- NOVEMBER
27, 2001:
FLORIDA:
Save
Money by Halting Executions, Florida Urged
After
years of unsuccessful attempts to scrap Florida's death penalty by
appealing to voters' hearts, opponents of capital punishment turned their
focus on Tuesday to voters' pocketbooks.
Putting
killers to death is even more expensive than locking them up for life
without parole, death penalty opponents told lawmakers during a Florida
House of Representatives hearing on ways to cut $1.3 billion from the
budget of the cash-strapped state.
Dropping
the death penalty would save Florida taxpayers $51 million a year without
letting convicted murderers off the hook, members of Floridians for
Alternatives to the Death Penalty said.
They
based the figure on the hours spent by state-appointed attorneys dealing
with death sentences, more than half of which have been overturned by
appellate courts. Florida leads the nation in the number of death row
cases reversed.
"If
the death penalty were run like a business, we would shut it down,"
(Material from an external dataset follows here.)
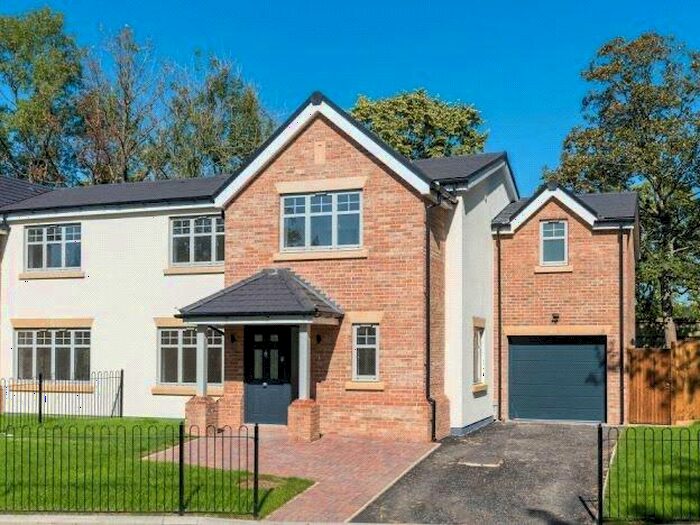 5 Bedroom House To Rent In Wilton Park, Buckinghamshire, HP9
group director Abe Bonowitz said. "It's not cost effective. In fact,
it is a drain on funds and has no positive benefit to anybody."
Republican
House Speaker Tom Feeney, an ardent supporter of the death penalty, said
the group's argument may be fiscally sound but had not changed his mind.
"It's
the most attractive argument for repealing the death penalty I've heard,
though I disagree with the way in which it was put forth," Feeney
said. "I wish he (Bonowitz) would have put it into a budget amendment."
While
the death penalty opponents testified to lawmakers, Bonowitz briefly
disrupted the hearing by brandishing a sign that read "Florida Can't
Afford the Death Penalty," and shouting his opposition from the House
gallery.
Lawmakers
reacted by taking a scheduled recess and House security officers warned
Bonowitz to avoid future outbursts.
Polls
show Florida voters overwhelmingly support capital punishment for
murderers. Florida switched its method of execution from electrocution to
lethal injection last year after a series of gory executions in the
electric chair.
In
one case, the condemned man's head caught fire, prompting concerns that
using the electric chair could violate the U.S. constitutional prohibition
of "cruel and unusual punishment."
The
group's critique came a week after Florida Gov. Jeb Bush signed death
warrants for 3 murderers, one of whom has been on death row since 1972.